ZFIN ID: ZDB-PUB-190113-9
Dietary cholesterol and apolipoprotein A-I are trafficked in endosomes and lysosomes in the live zebrafish intestine
Otis, J.P., Shen, M.C., Caldwell, B.A., Reyes Gaido, O.E., Farber, S.A.
Date: 2019
Source: American journal of physiology. Gastrointestinal and liver physiology   316(3): G350-G365 (Journal)
Registered Authors: Farber, Steven, Otis, Jessica P.

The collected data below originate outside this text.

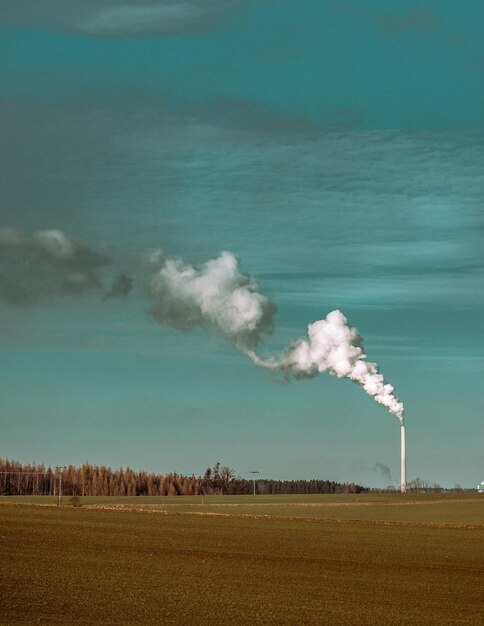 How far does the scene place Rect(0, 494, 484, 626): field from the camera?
Answer: 93.0 feet

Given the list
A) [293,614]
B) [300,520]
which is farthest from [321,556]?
[300,520]

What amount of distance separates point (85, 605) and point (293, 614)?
5344 millimetres

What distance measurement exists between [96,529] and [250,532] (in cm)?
881

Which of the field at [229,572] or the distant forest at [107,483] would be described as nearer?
the field at [229,572]

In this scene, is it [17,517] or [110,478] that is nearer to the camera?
[17,517]

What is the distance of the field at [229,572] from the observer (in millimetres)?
28359

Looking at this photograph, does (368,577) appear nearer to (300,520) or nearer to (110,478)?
(300,520)

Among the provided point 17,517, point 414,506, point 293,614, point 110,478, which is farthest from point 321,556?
point 110,478

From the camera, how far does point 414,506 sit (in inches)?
4186

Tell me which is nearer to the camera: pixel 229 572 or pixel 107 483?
pixel 229 572

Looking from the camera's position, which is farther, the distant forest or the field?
Answer: the distant forest

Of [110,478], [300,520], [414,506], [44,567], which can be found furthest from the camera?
[110,478]

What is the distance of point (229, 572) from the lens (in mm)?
37688

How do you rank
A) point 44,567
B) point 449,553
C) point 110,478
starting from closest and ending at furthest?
point 44,567, point 449,553, point 110,478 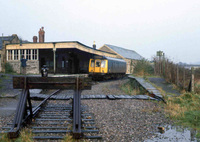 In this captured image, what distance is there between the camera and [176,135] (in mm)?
3840

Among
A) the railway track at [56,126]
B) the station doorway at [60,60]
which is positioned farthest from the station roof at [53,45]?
the railway track at [56,126]

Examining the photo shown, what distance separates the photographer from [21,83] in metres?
4.05

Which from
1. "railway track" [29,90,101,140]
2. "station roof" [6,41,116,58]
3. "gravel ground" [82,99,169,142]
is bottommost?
"gravel ground" [82,99,169,142]

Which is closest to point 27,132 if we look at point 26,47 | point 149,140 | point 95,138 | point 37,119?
point 37,119

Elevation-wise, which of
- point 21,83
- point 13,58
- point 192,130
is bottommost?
point 192,130

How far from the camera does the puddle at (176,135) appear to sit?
11.8 feet

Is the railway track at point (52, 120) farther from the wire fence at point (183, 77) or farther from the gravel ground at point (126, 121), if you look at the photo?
the wire fence at point (183, 77)

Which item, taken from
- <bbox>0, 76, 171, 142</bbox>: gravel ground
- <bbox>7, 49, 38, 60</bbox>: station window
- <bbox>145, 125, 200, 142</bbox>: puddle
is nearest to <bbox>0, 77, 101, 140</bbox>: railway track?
<bbox>0, 76, 171, 142</bbox>: gravel ground

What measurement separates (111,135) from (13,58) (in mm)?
22715

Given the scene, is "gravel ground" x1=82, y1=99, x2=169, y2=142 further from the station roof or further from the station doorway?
the station doorway

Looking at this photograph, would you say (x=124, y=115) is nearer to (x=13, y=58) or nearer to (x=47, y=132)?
(x=47, y=132)

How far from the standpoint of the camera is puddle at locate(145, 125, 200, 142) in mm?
3588

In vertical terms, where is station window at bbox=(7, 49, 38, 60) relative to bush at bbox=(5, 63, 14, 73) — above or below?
above

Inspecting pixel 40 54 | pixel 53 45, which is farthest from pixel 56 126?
pixel 40 54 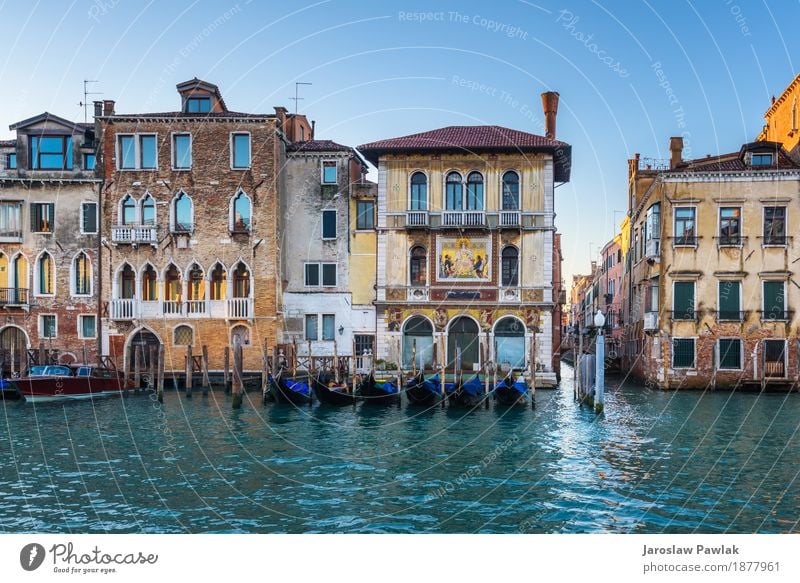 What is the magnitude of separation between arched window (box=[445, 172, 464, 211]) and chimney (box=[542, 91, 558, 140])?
444 centimetres

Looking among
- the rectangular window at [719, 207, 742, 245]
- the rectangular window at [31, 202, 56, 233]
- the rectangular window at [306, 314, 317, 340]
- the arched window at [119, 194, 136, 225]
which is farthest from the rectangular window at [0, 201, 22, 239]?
the rectangular window at [719, 207, 742, 245]

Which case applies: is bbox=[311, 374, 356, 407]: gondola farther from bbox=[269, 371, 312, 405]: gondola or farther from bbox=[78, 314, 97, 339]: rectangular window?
bbox=[78, 314, 97, 339]: rectangular window

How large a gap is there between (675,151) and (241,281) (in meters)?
17.7

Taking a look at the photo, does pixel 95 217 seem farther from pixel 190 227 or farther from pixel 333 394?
pixel 333 394

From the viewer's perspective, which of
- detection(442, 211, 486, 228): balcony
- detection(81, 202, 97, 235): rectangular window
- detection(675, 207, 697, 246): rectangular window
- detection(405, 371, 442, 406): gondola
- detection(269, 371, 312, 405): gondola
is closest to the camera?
detection(405, 371, 442, 406): gondola

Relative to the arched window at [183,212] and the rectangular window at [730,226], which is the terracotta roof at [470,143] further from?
the arched window at [183,212]

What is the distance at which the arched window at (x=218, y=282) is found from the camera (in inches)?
1150

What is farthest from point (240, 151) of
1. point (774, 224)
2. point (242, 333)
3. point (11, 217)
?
point (774, 224)

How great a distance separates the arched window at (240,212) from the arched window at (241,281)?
1378 millimetres

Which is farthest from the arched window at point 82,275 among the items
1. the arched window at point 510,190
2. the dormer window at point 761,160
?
the dormer window at point 761,160

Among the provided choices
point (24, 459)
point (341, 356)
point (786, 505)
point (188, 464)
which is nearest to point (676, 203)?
point (341, 356)

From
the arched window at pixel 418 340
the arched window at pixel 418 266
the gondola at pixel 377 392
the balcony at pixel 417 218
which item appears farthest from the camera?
the arched window at pixel 418 266

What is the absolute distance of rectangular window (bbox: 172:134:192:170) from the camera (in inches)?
1147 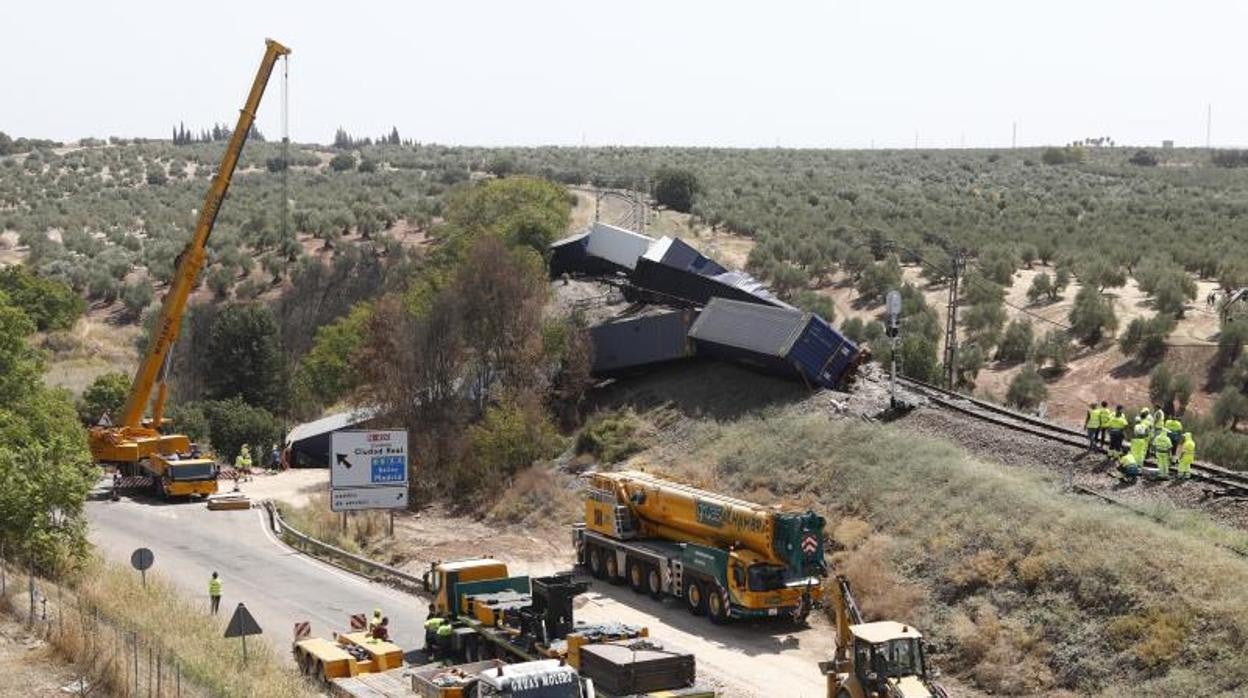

Keywords: Apolipoprotein A-I, Cholesterol, endosome, lysosome, zebrafish
MeSH Terms:
  • Animals
  • Apolipoprotein A-I/adverse effects*
  • Biological Transport/physiology
  • Cholesterol/metabolism
  • Cholesterol, Dietary/metabolism*
  • Endosomes/metabolism*
  • Enterocytes/metabolism
  • Intestines/physiology
  • Lipoproteins, HDL/metabolism
  • Lysosomes/metabolism*
  • Protein Transport/physiology
  • Zebrafish
PubMed: 30629468 Full text @ Am. J. Physiol. Gastrointest. Liver Physiol.
Difficulty in imaging the vertebrate intestine in vivo has hindered our ability to model nutrient and protein trafficking from both the luminal and basolateral aspects of enterocytes. Our goal was to use live confocal imaging to increase understanding of intestinal trafficking of dietary cholesterol and apolipoprotein A-I (APOA-I), the main structural component of high-density lipoproteins (HDL). We developed a novel assay to visualize live dietary cholesterol trafficking in the zebrafish intestine by feeding TopFluor-cholesterol (TF-cholesterol), a fluorescent cholesterol analog, in a lipid-rich, chicken egg yolk feed. Quantitative microscopy of transgenic zebrafish expressing fluorescently tagged protein markers of early, recycling, and late endosomes/lysosomes provided the first evidence of cholesterol transport in the intestinal endosomal-lysosomal trafficking system. To study APOA-I dynamics, transgenic zebrafish expressing an APOA-I fluorescent fusion protein (APOA-I-mCherry) from tissue-specific promoters were created. These zebrafish demonstrated that APOA-I-mCherry derived from the intestine accumulated in the liver and vice versa. Additionally, intracellular APOA-I-mCherry localized to endosomes and lysosomes in the intestine and liver. Moreover, live imaging demonstrated that APOA-I-mCherry co-localized with dietary TF-cholesterol in enterocytes, and this co-localization increased with feeding time. This study provides a new set of tools for the study of cellular lipid biology and elucidates a key role for endosomal-lysosomal trafficking of intestinal cholesterol and APOA-I.